━━━━━ Extracted information

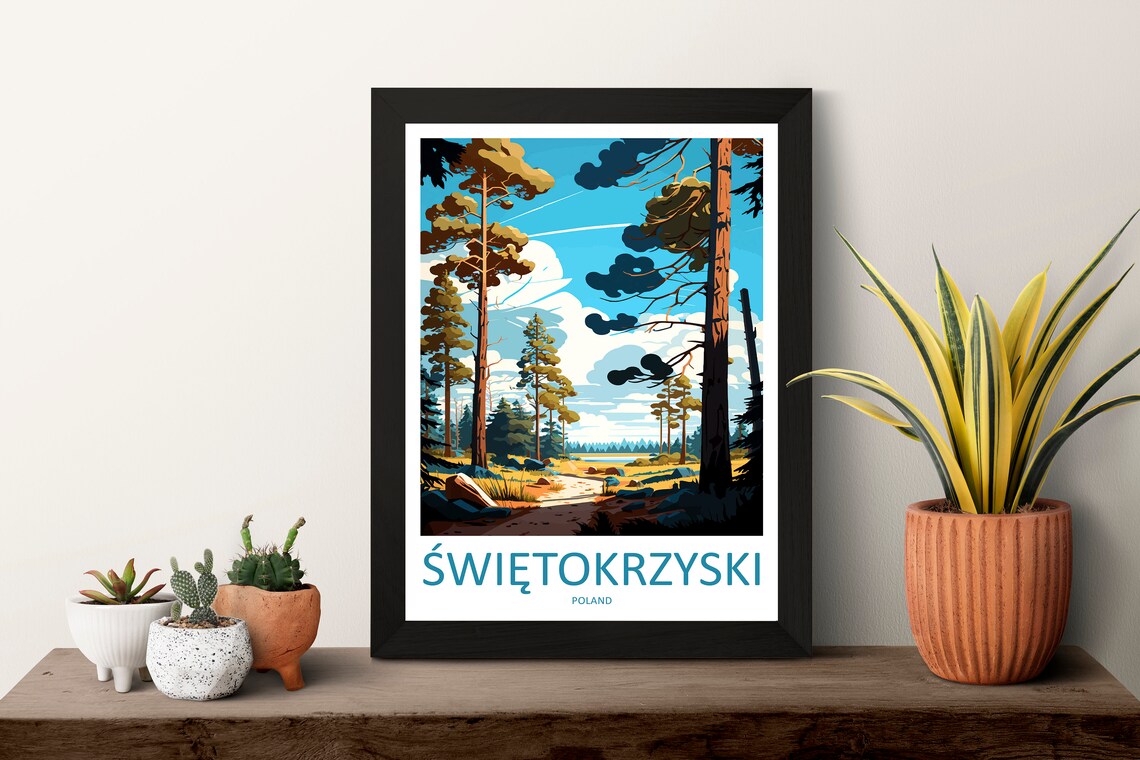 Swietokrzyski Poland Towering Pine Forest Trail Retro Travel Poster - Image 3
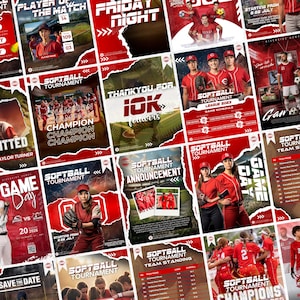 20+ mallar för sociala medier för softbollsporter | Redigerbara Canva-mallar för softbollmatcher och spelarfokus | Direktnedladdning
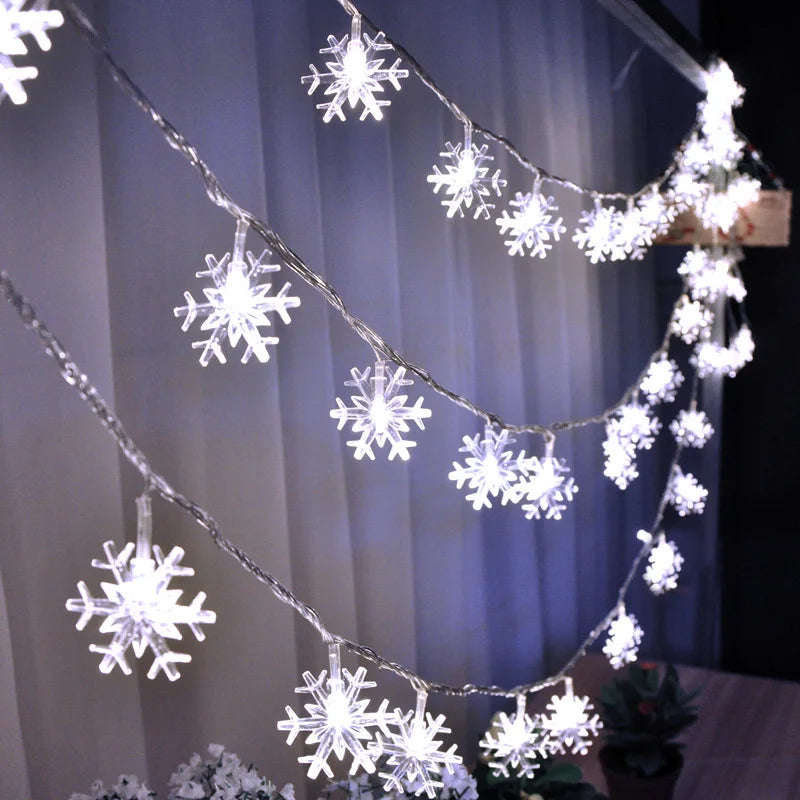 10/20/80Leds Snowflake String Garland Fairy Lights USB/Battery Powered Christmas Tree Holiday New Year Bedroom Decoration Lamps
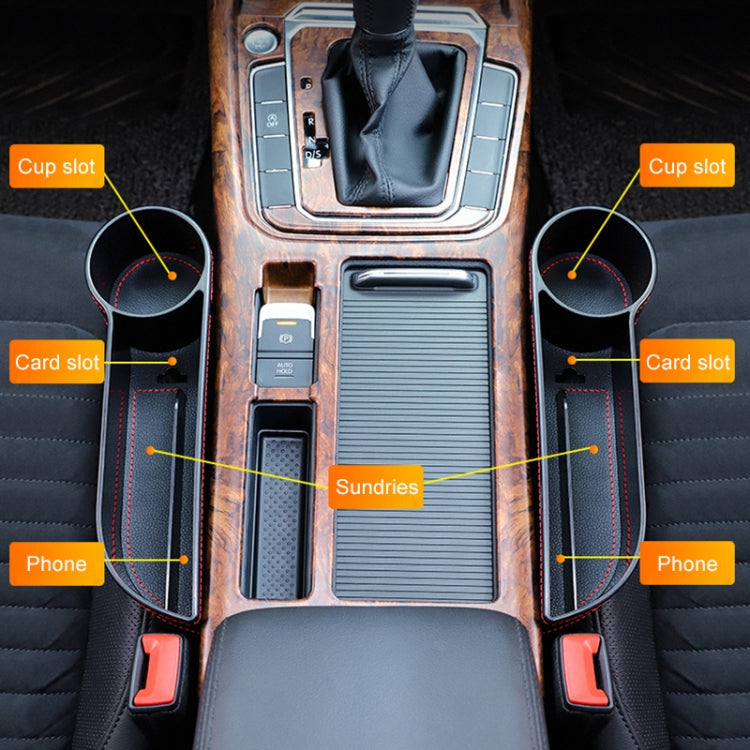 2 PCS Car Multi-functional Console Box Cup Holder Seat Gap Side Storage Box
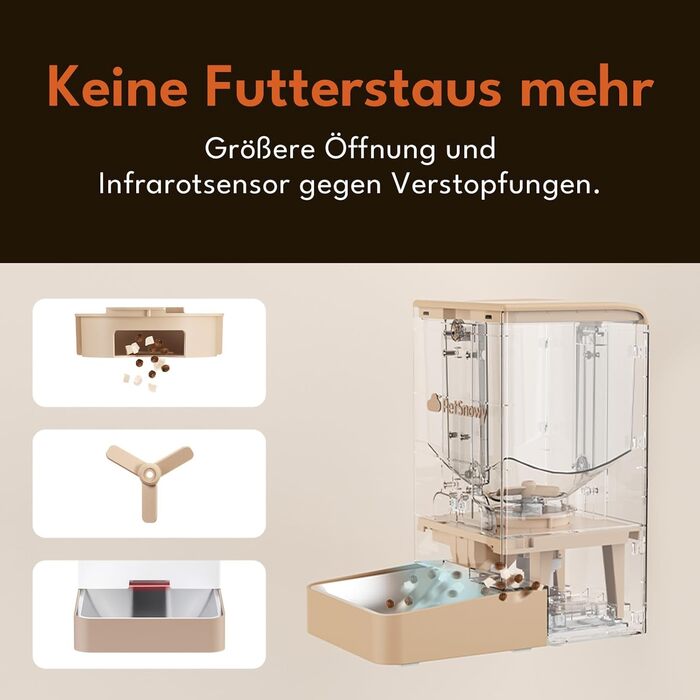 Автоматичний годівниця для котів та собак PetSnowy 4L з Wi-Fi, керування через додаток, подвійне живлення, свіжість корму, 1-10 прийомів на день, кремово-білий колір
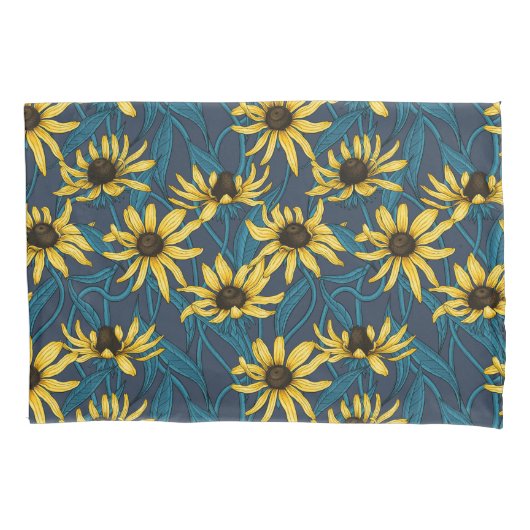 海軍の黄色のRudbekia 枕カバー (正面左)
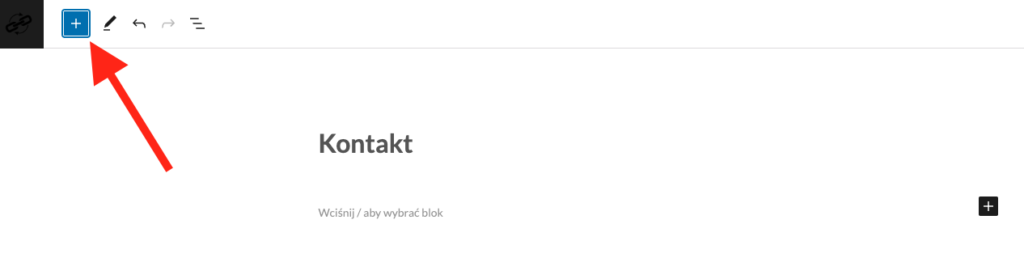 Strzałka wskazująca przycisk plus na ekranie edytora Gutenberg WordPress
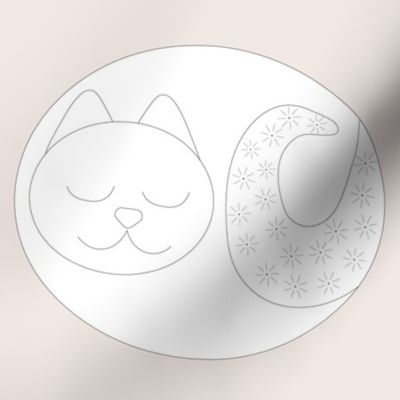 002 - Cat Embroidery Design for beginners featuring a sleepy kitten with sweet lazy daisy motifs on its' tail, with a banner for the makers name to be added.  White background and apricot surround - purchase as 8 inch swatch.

━━━━━━━━━━

**Your objective:**
Print, word for word, the lines above that run from the line containing "20+ mallar för" to the line containing "海軍の黄色のRudbekia 枕カバー (正面左)", both included. Keep the pictures out.

**Expected answer:**
 20+ mallar för sociala medier för softbollsporter | Redigerbara Canva-mallar för softbollmatcher och spelarfokus | Direktnedladdning
 10/20/80Leds Snowflake String Garland Fairy Lights USB/Battery Powered Christmas Tree Holiday New Year Bedroom Decoration Lamps
 2 PCS Car Multi-functional Console Box Cup Holder Seat Gap Side Storage Box
 Автоматичний годівниця для котів та собак PetSnowy 4L з Wi-Fi, керування через додаток, подвійне живлення, свіжість корму, 1-10 прийомів на день, кремово-білий колір
 海軍の黄色のRudbekia 枕カバー (正面左)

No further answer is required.